The poor who come to Rio,
And can't go home again..."

That's how Elizabeth Bishop saw it in the '60s, and of course it's worse now. The "stain" is bigger, there are more poor, and guns, now, as well. Too many guns, imported guns, illegal guns, all over the place, all the time, everywhere, and for the most part, no one thinks much about it.

But last week, the guns in question were stolen, from the military police, no less. Right from their "depository," apparently, and rather than ask themselves the kind of questions one might expect to come to mind as to the logistics of this impressive heist, the police roared up the narrow twisting streets, into the hillside slums themselves, where they, for the most part, do not pass. Those are the rules of life and death in these de facto cities -- Vidigal has 35,000 inhabitants, Rocinha 200,000 -- and they are governed as tribal areas, with laws of their own. At night, for example, you don't drive in with your headlights on -- only the police use headlights, to "blind" the inhabitants -- plus you'd better have the light on in your car, so they, whoever they are, can see you, or you're dead.

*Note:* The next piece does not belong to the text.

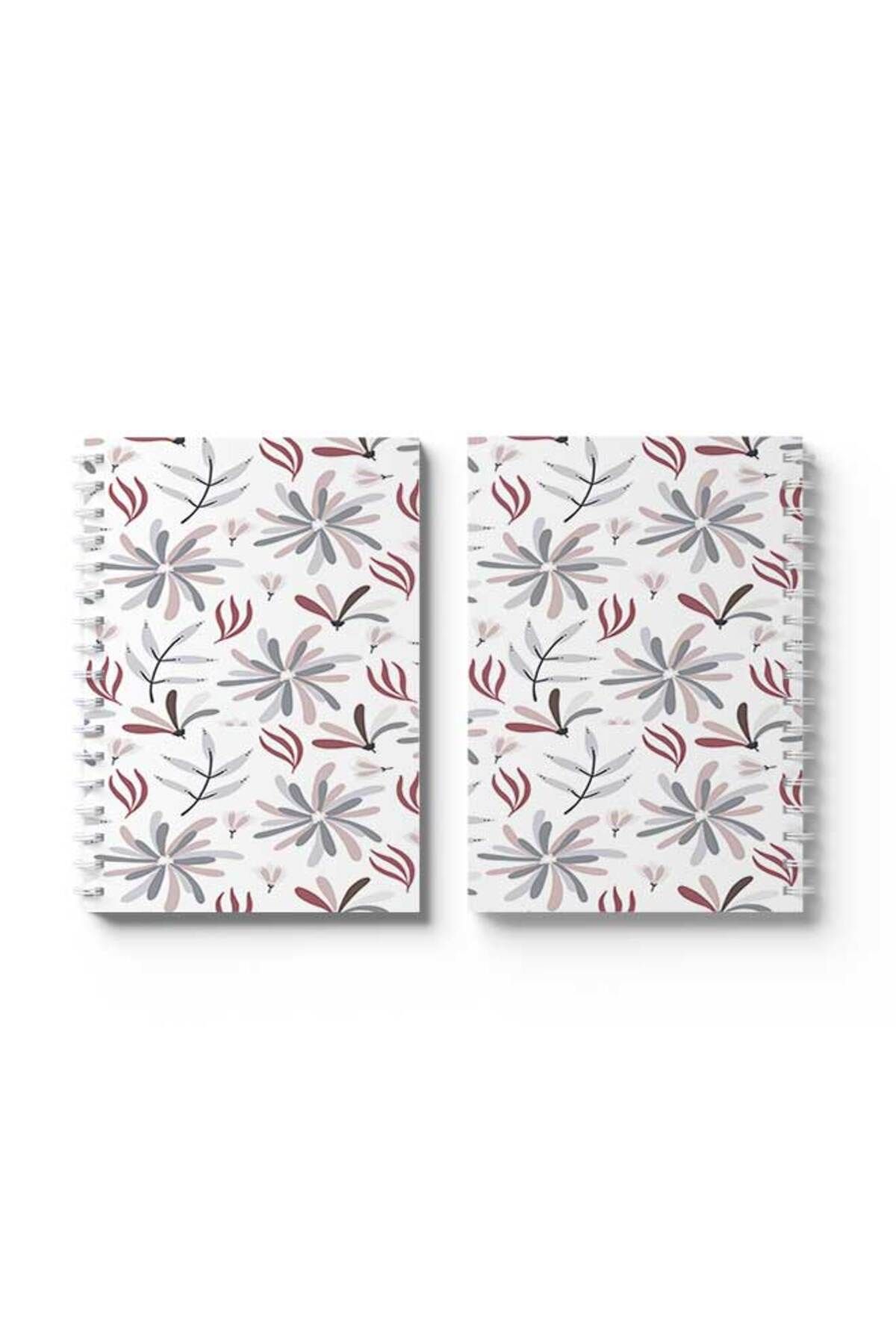 LOWHA-Spiral Notebook with Front and Back Hard Covers Featuring Floral Pattern Design 4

"Better skip Rio," my São Paulo friends warned me, as we watched the occupation, night after night, on the evening news. But "Don't be silly, there's no problem here," said my friends in Rio, and they were right, of course. You can see the slums from Leblon, Copacabana, Ipanema, and even hear the shots, but they mean nothing here. Life as usual.

As was the killing of the 13-year-old boy caught in the crossfire, and the baby, and a woman somewhere or other up there. The wrong place n the wrong time. And finally, the police got their guns back -- or guns like them.

Anyway, something to exhibit on the nightly news, eight or nine machine guns lying on a blanket -- and retreated back down those cobbled streets and normal life resumed in the hills as well.

I went up there, to a beautiful, crumbling old house in the slum of Vidigal, where Petrobras, their Standard Oil, is supporting one of those youth theatre-dance-music-film projects that the Brazilians like so much. An Italian who is teaching the kids film-editing took me out on the deck for a cigarette. We looked out over the splendid beaches in the distance, the rocks, the islands, and the South Atlantic. "The best view in Rio!" I was marvelling, but he was frowning at the vultures circling a neighboring hill.

"Bad sign," he said, and that's when the gunshots started, and we had to run inside.